Archive for the ‘google’ Category

Google opens Social Graph API

Friday, February 1st, 2008

It’s long overdue.

Almost 4 years ago I started to get excited about what could be done with a social graph (or network, as we called ‘em back then). My head swam with possibilities of a real trust network: get product and company reviews , prevent spyware and check validity of files, control process execution, and of course use your network for trusted searching. That last one let to the development of Lijit, which was been my life for the last 3 years.

I never imagined how hard it would be to actually get a graph. The “big guys” of MySpace and Facebook sealed their users’ graphs in TOS-protected Silos, and users grew wary of re-friending on every new web service. Open standards like FOAF and XFN were there, but no one really used them. It was beginning to look like social graph innovation would be limited to whatever the big guys wanted to allow.

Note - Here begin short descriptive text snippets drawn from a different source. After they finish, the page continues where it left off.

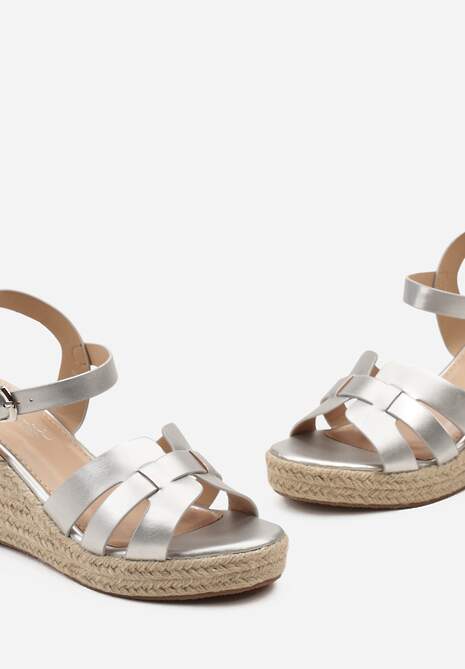 Srebrne Sandały na Koturnie z Przeplatanymi Paseczkami i Plecionką Pearlina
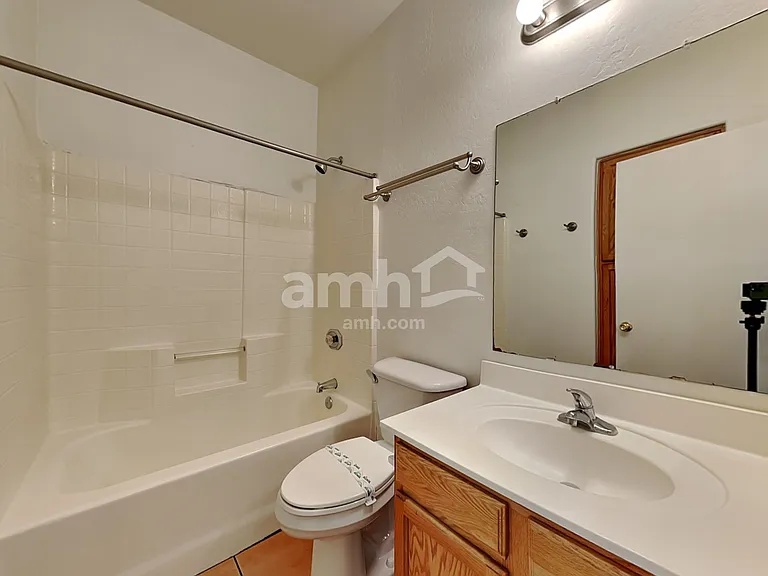 11170 W Almeria Rd — Photo 16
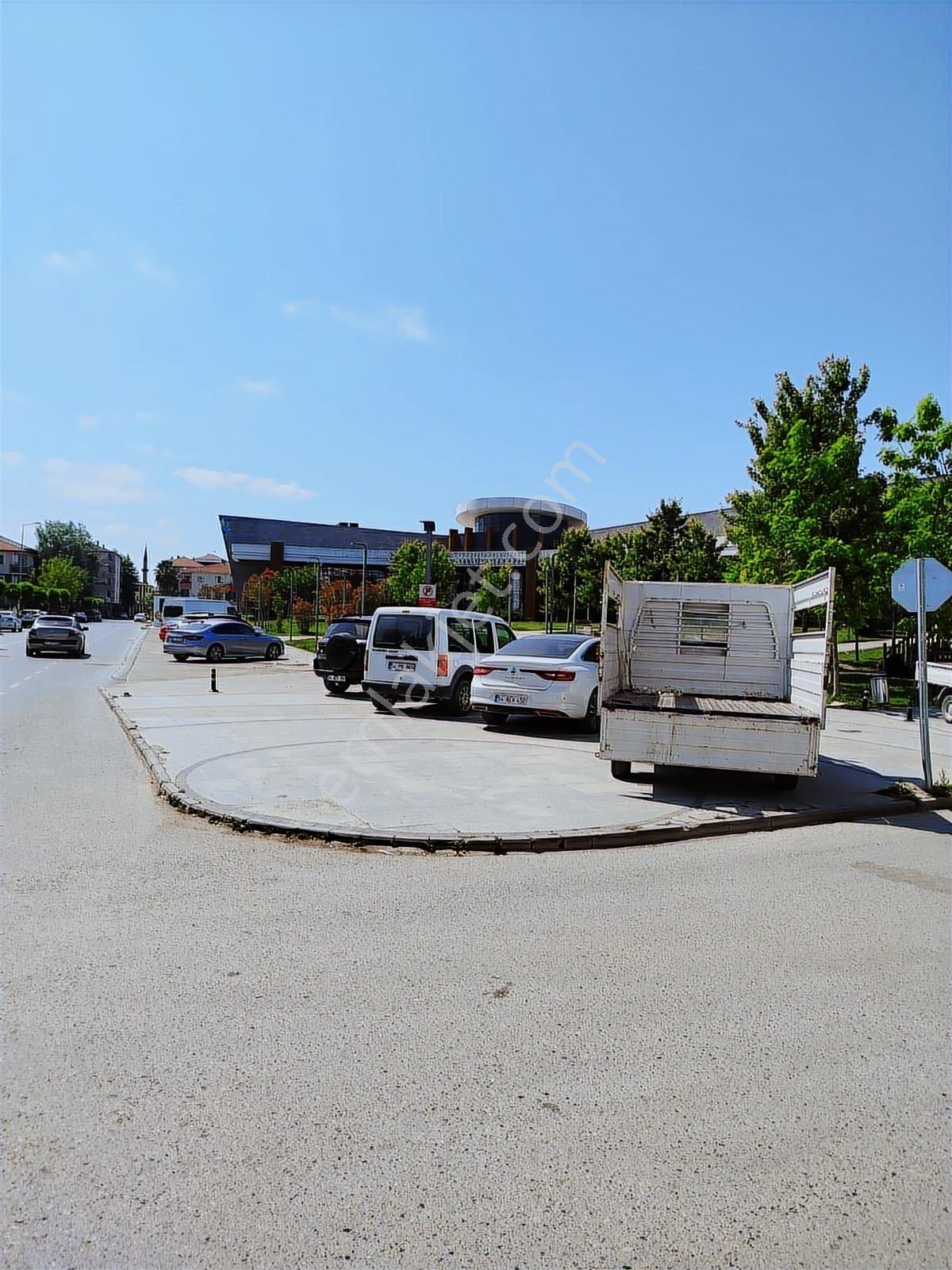 Karasu Plaj Caddesi 3+1 Mutfak Ayrı Daire - Görsel 3
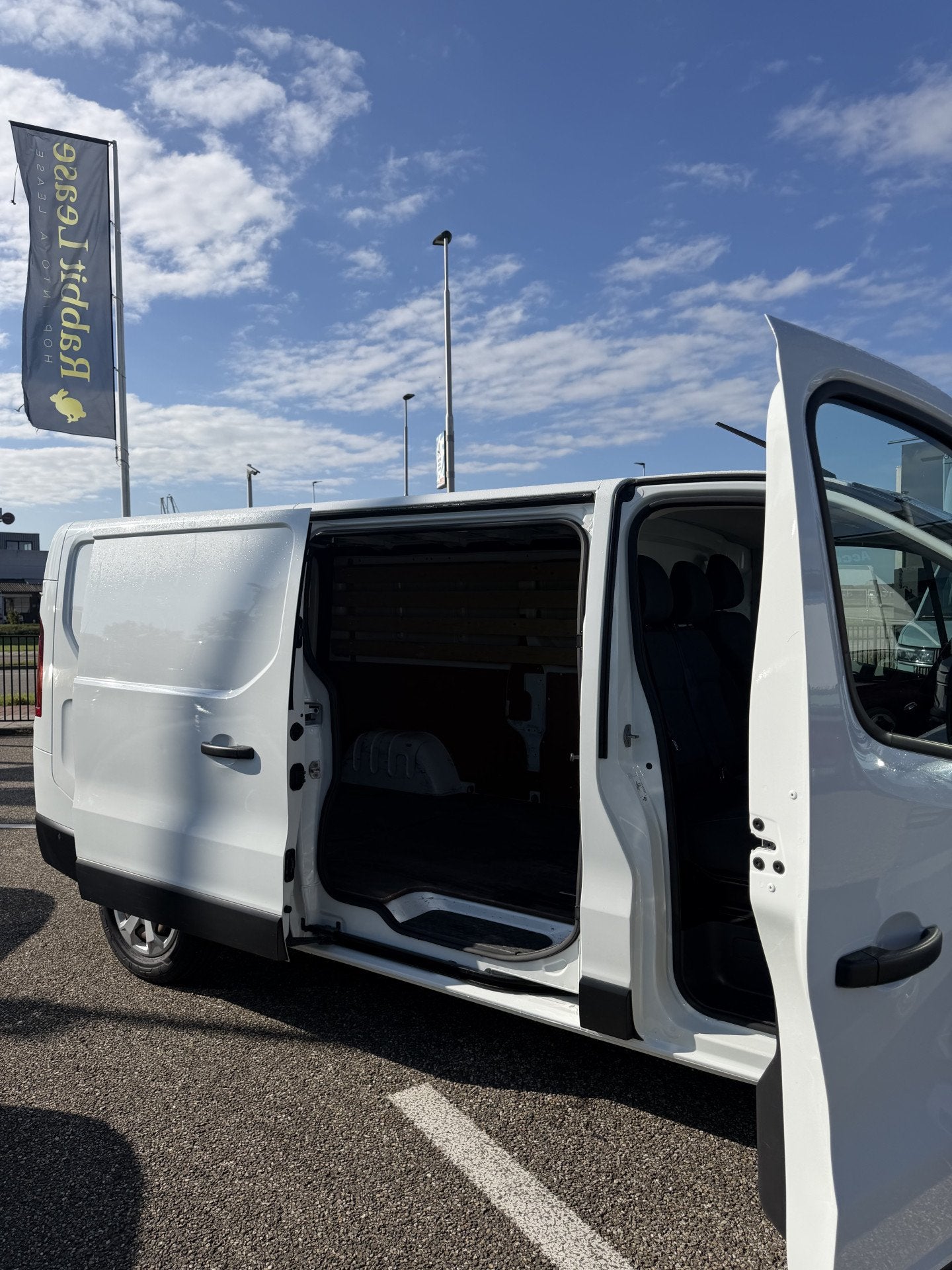 Foto 8 van Renault Trafic L2H1 | Work Edition| Trekhaak | Camera | Navi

So I’m excited about Google’s new Social Graph API. There’s a still a long way to go, but maybe with Google’s weight other services will allow users to publish their graphs and be available to this API.

Google went big by using the information in the Web’s link-graph. What exciting new tools will be possible when we have real access to the social graph?

Related: Not all links are created equal

Facebook and Google add user feedback on same day

Thursday, November 29th, 2007

In a strange bit of synchronicity, Google and Facebook both rolled out similar features within 24 hours of each other. Both will now allow users to give feedback on items: In Google’s search results (via Googlified), and Facebook’s newsfeed.

Here’s Google:

And here’s Facebook:

In Google’s case, this is especially interesting as Google had been dismissive of “Social Search” in the past.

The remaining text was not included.